Sundance Institute

Source: Sundance Institute

Sundance Institute

Sundance Institude has unveiled the 10 early-career filmmakers who will receive year-round support through the 2024 Latine Fellowship and Collab Scholarship.

Now in its third year, the Latine Fellowship will offer five year-round fellowships offering a $10,000 unrestricted grant, artist development support, creative and tactical support on projects, and regular opportunities for community engagement and networking.

The fellows are:

Karla Claudio, a producer from Puerto Rico, with Matininó, about a multi-generational family of Puerto Rican women transform their experience with gender violence into a fantasy film where they search for an island inhabited exclusively by women warriors.

Alan Dominguez, a Chicanx director-producer with The House Of Our Memory, in which a Vietnam veteran nearing his 80th birthday reflects on life and faces the trauma that has afflicted himself and his son.

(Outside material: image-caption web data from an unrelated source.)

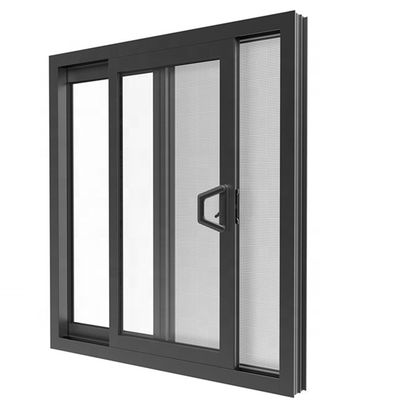OEM 2 Track Aluminium Sliding Window , Tempered Glass Sliding Window
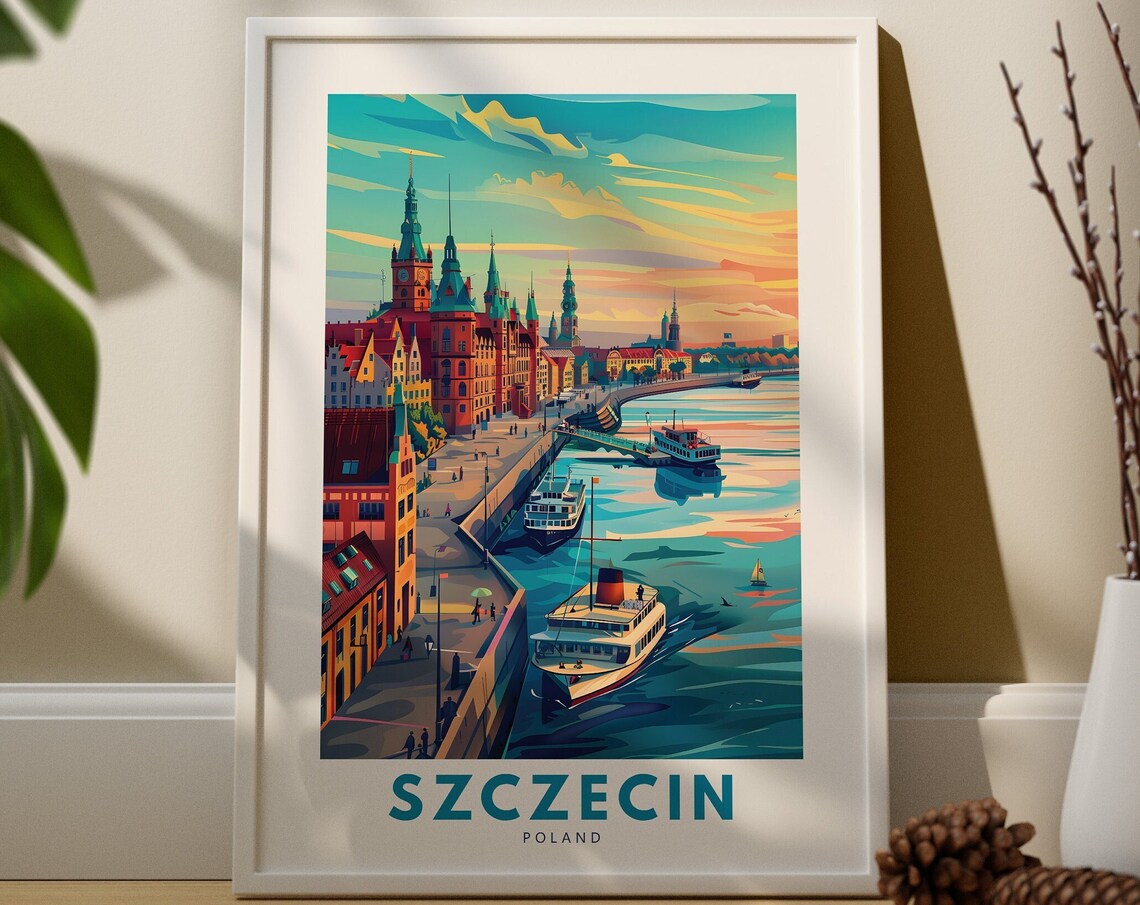 Szczecin Poland Travel Poster Harbor Boats and Old Town Skyline Art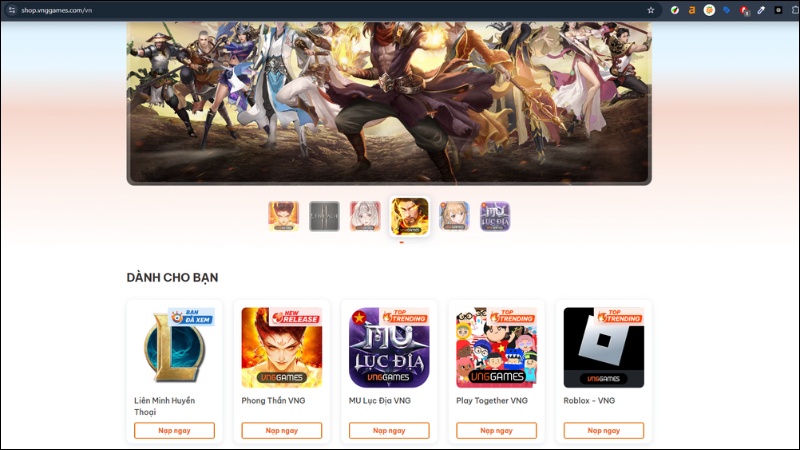 Website ch&iacute;nh thức của VNG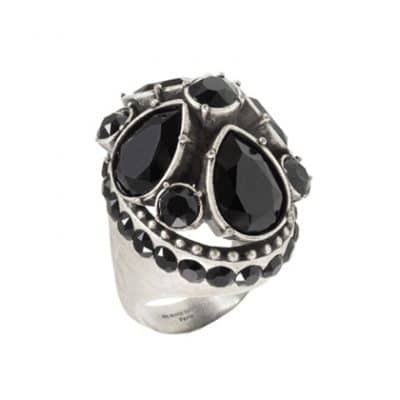 bague en cristal noir et metal par on aura tout vu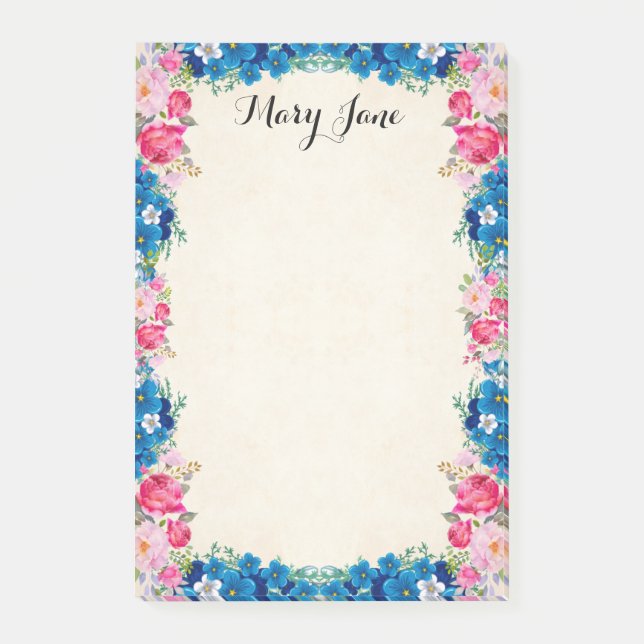 Pretty Pink Roses And Blue Flowers Personalized Post-it Notes (Front)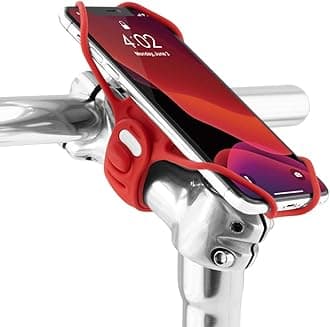 Bone Bike Tie Pro 3, Bike Cell Phone Mount for Stem, Scratch-Free Silicone Holder with Shock-Absorbing Design, Universal Cycling Phone Holder Compatible with Most Smartphone (Red - Stem)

Andrés Lira, Mexican-American filmmaker and artist of Indigenous Purépecha descent, with Entre Sombras, about a farmworker who is forced to bring his two chidlren to work when he cannot get a babysitter.

Diana Peralta, a Dominican-American writer-director, with No Love Lost, in which a troubled young woman brings her new husband home to meet the family and her insular sisters show the extremes they will go to protect one another.

Michelle Salcedo with Cinnamon Skin, about a socialite who returns to Cuba to visit the adult child she behind as a baby when she was forced to move to the United States to save her father’s life.

The five artists selected for the 2024 Sundance Institute Latine Collab Scholarship are:

Venezuelan-born, New Orleans–raised Ricardo Betancourt with Repartidores: Repartidores, a feature about Venezuelan migrants in the US transforming the food delivery industry.

Argentine director, writer, and producer Ana Bovino with The Nights, in which three woman narrate their stories inspired by One Thousand And One Nights.

Mexican American filmmaker Sabrina Ehlert with Connie & Lola, in which a proudly assimilated immigrant and her daughter who wants to fit into her own culture take a trip south of the border.

Joie Estrella Horwitz, a filmmaker from Southwest borderlands, with Dreamland, about a love story that blooms during the night shift in a slaughterhouse.

Cuban-American Eddie Mujica with Loco, a dark comedy about mental health.